Koralin tells the frightened Aubretia, “This baby… could be the savior of womankind.” Maine selects the term “savior” carefully, pointing back by means of it to Gospel references in “The Man.” (Deurina corrects Aubretia when Aubretia recalls vaguely and erroneously that Christ was a woman.) Koralin likens the lesbiocracy to something inhuman and moribund – “laboratories, experiments in human embryology, fertility centers, induced parthenogenesis, cultivated lesbianism” – that sacrificially seeks the destruction of a mere baby. “There was another parthenogenetic male,” she tells Aubretia, “a miracle child that was referred to as the savior of mankind,” whom “the state set out systematically to destroy.” Sharpening the parallelism, Koralin says: “For thousands of years the world has awaited a second Messiah. And now he has arrived… authority will attempt to destroy him before he destroys it.” Maine has carefully not attributed divine status to the child; he has only characterized the child as supremely sacred, to be guarded from ideological predators at any cost.

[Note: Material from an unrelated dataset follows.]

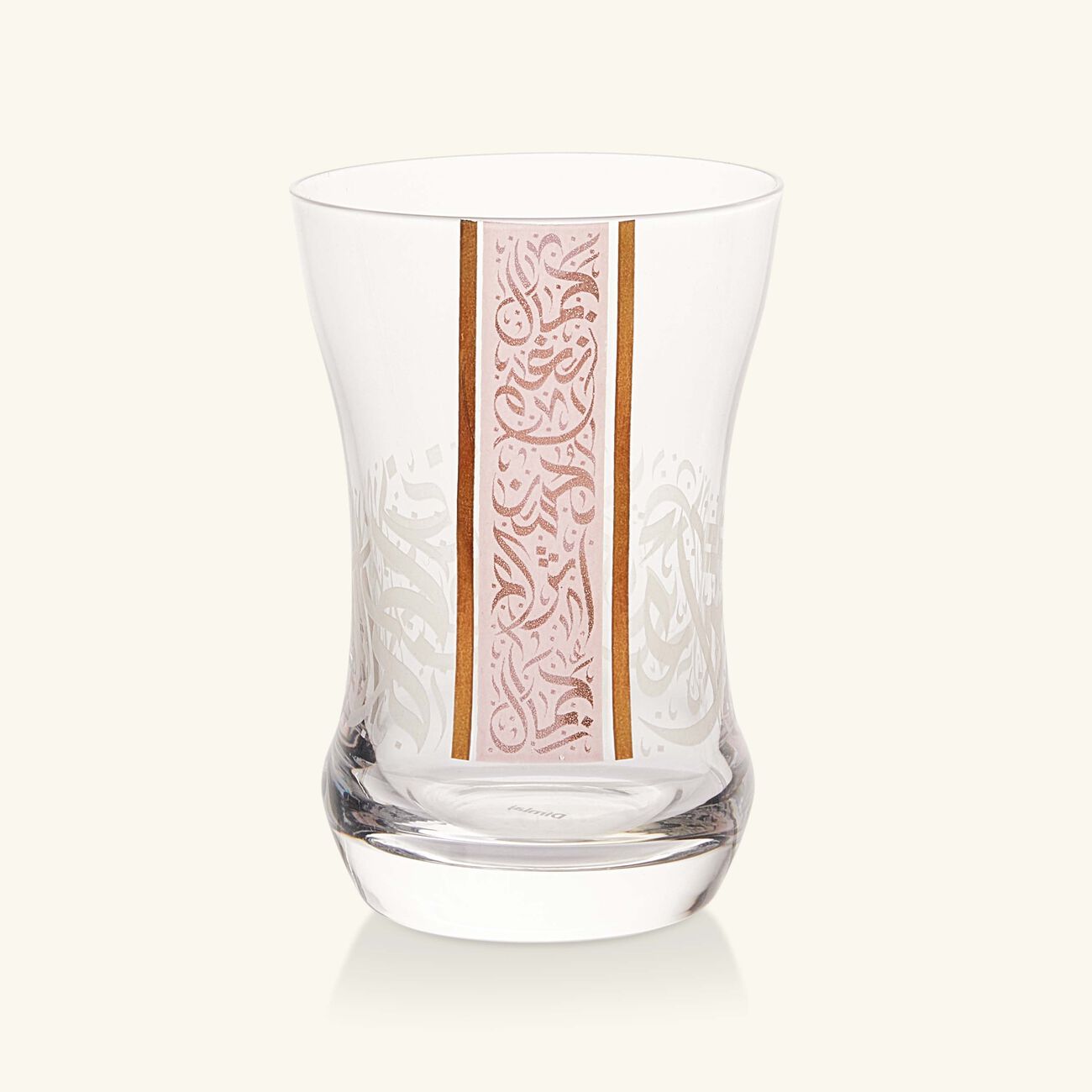 Nagham Teacup & Saucer Pink Set of 6 dimlaj nagham teacup saucer pink set of 6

There is, incidentally, another novel entitled World without Men, adding only the indefinite article as its first element, by a writer unknown to me named Valerie Taylor. Judging by the cover, it would be more or less contemporary with the second edition of Maine’s novel, published under the revised title of Alph by Ballantine Books in the mid-1960s. I have never read Taylor’s World, but in conjunction with Maine’s World, judging again by the cover, it might make for an interesting comparative study.

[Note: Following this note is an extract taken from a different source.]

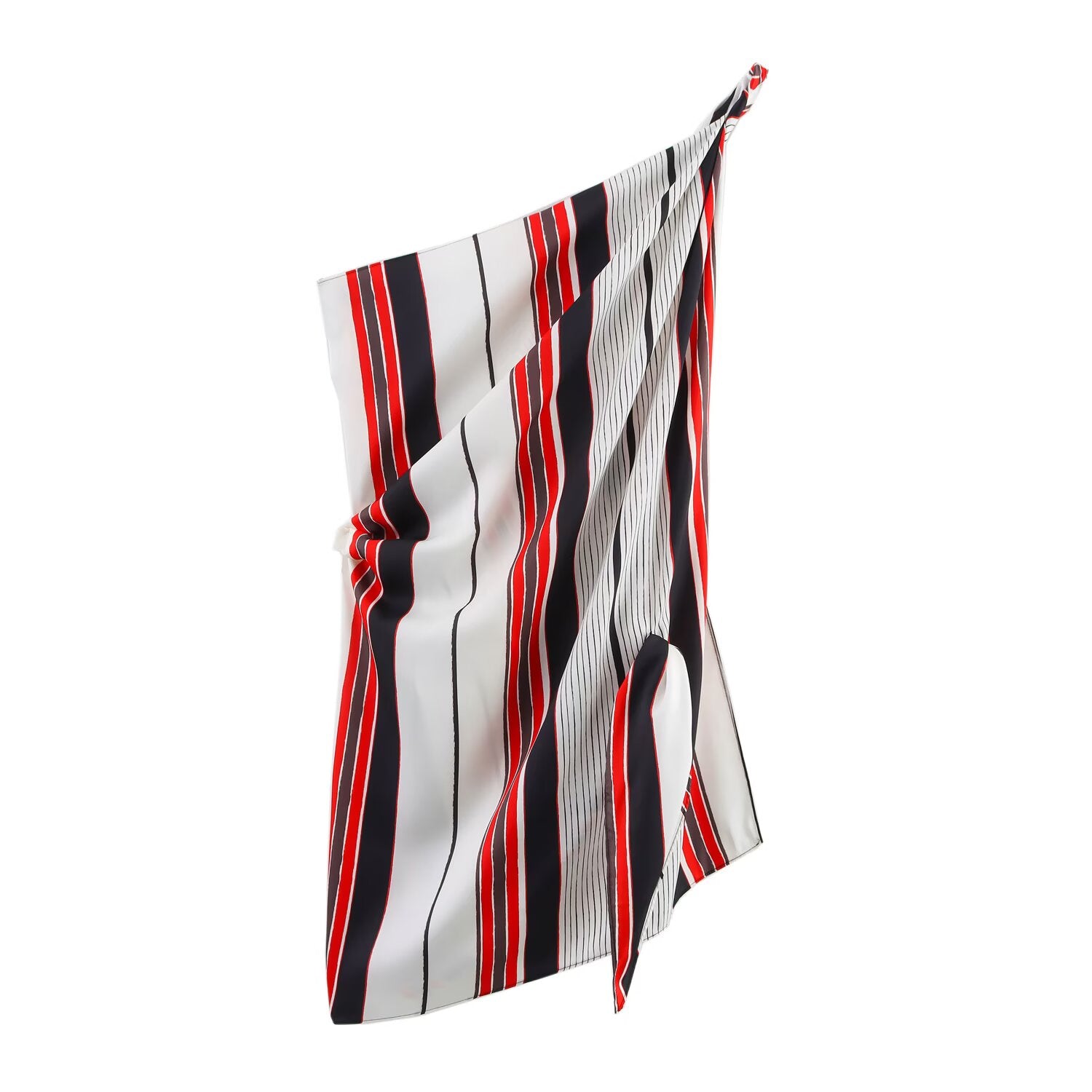 Women Clothing Summer Sxey Asymmetric Tube Top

I would underline that Maine’s narrative, which first saw print fifty-two years ago, links symptoms of cultural decadence like mainstreamed pornography and socially licensed promiscuity to the ideology of feminism. Maine’s narrative seeks to illustrate the logical outcome of the feminist claim of male toxicity. World without Men implicates one contemporary headline after another: Gay marriage, artificially inseminated single mothers, and death-panels in connection with so-called healthcare. Advertisers nowadays market contraception on television in exactly the gauzy manner that World without Men predicted. Maine was an unabashed apologist for what normal people used unhesitatingly to advocate as, yes, normal, but which left-liberal elites nowadays routinely revile as a legacy of prejudice, intolerance, and bigotry to be absolutely and finally eradicated.